What information and documentation must a Bhc franchisee provide to the franchisor regarding a transfer of interest following death or incapacity, and what are the deadlines for providing this information?
Bhc Franchise · 2025 FDDAnswer from 2025 FDD Document
- (c) No Transfer under this section 12.4 will be subject to (i) Franchisor's right of first refusal set forth in section 12.3 hereof or (ii) the Transfer Fee set forth in section 12.2(b)(vii) above, although such refusal right and Transfer Fee will be applicable to any subsequent Transfer by Franchisee's (or a Majority Equity Owner's) heirs, personal representatives, or conservators.
However, Franchisee must comply with sections 12.2(b)(i) through (iv) and (to the extent applicable) section 12.2(c) above, as well as provide Franchisor with full disclosure of the terms of said transfer not later than three business days prior to the close of the transaction.
In addition, copies of fully executed paperwork must be delivered to Franchisor no less than three business days following the close of the transaction.
Source: Item 23 — Receipts (FDD pages 52–230)
What This Means (2025 FDD)
According to Bhc's 2025 Franchise Disclosure Document, in the event of the death or legal incapacity of an individual franchisee or a majority equity owner, the transfer of interest in the franchise agreement is addressed specifically. The interest must transfer as soon as practicable, but no more than 270 days after the date of death, according to the person's will or the laws of intestacy if there is no will. This transfer is permitted to a spouse, parent, or adult children, provided that a qualified and trained General Manager remains employed at the Bhc restaurant, or another responsible management employee or agent satisfactorily trained by Bhc is responsible for the franchised business.

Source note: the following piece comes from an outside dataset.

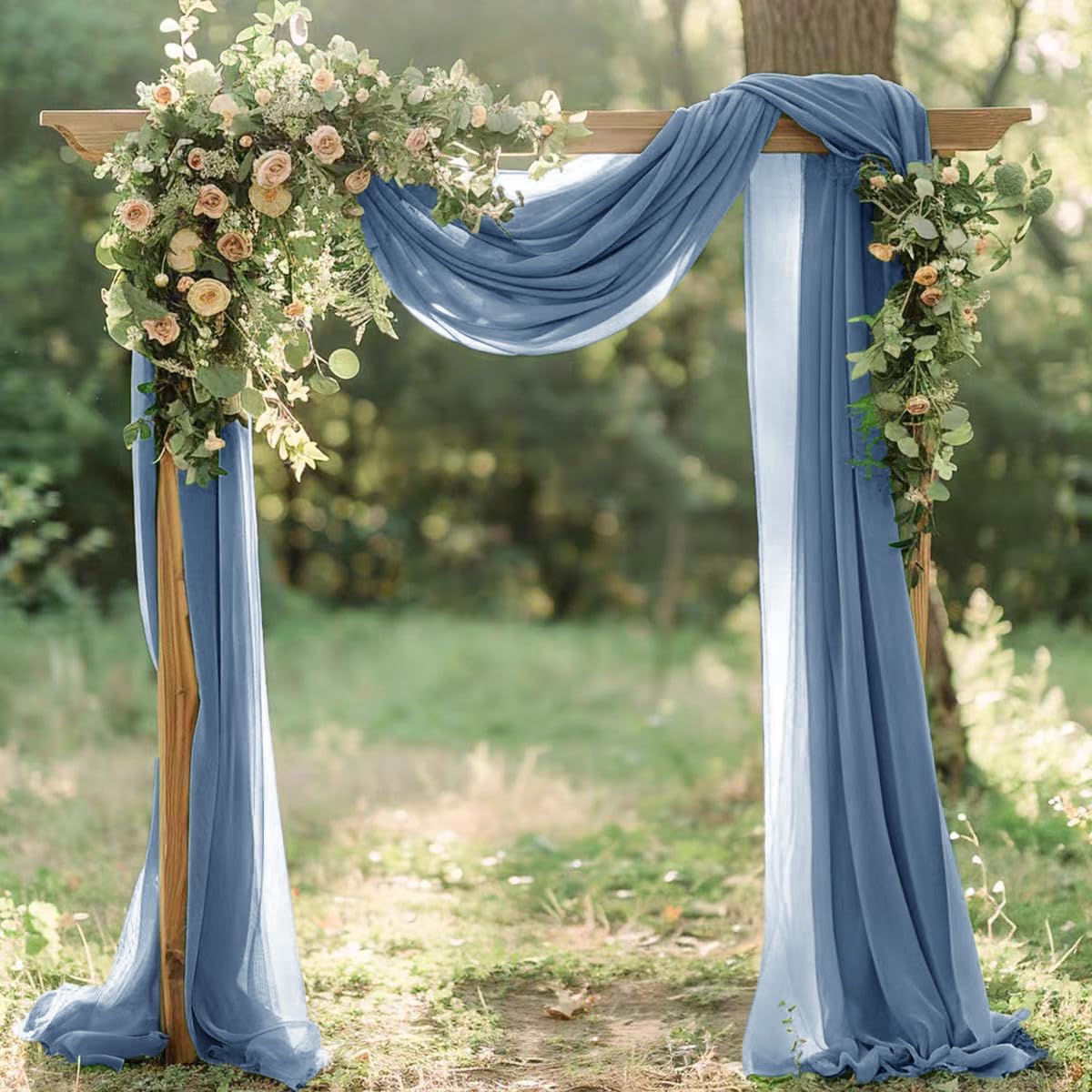 Dusty Blue Fall Elegant Arch Draping Fabric Outdoor 1 Panel 29" × 20Ft Sheer Chiffon Curtain Drapes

While the transfer itself is not subject to Bhc's right of first refusal or a transfer fee, the franchisee must still comply with certain notification and disclosure requirements. Specifically, the franchisee must adhere to sections 12.2(b)(i) through (iv) and, if applicable, section 12.2(c) of the franchise agreement. Additionally, the franchisee must provide full disclosure of the terms of the transfer to Bhc not later than three business days prior to the close of the transaction.

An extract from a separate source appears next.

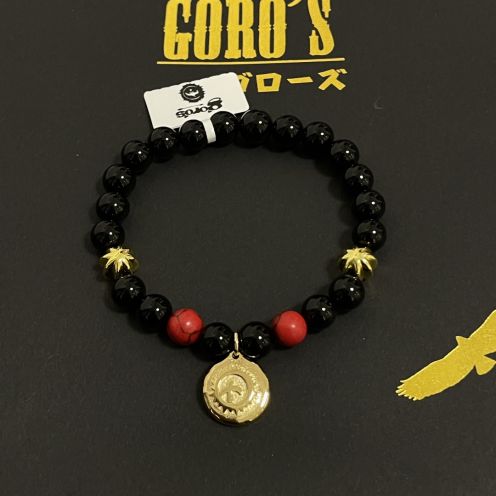 goro's レザー ブレスコピー アクセサリー ブラックアゲートブレスレット 天然石 人気の黒縞瑪瑙 ブラック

Furthermore, copies of all fully executed paperwork related to the transfer must be delivered to Bhc no less than three business days following the completion of the transaction. This ensures that Bhc is fully informed of the details of the transfer and can maintain accurate records. If these conditions are not met, Bhc has the option to step in and manage the restaurant for a period, especially if there is no qualified successor or heir capable of operating the franchise.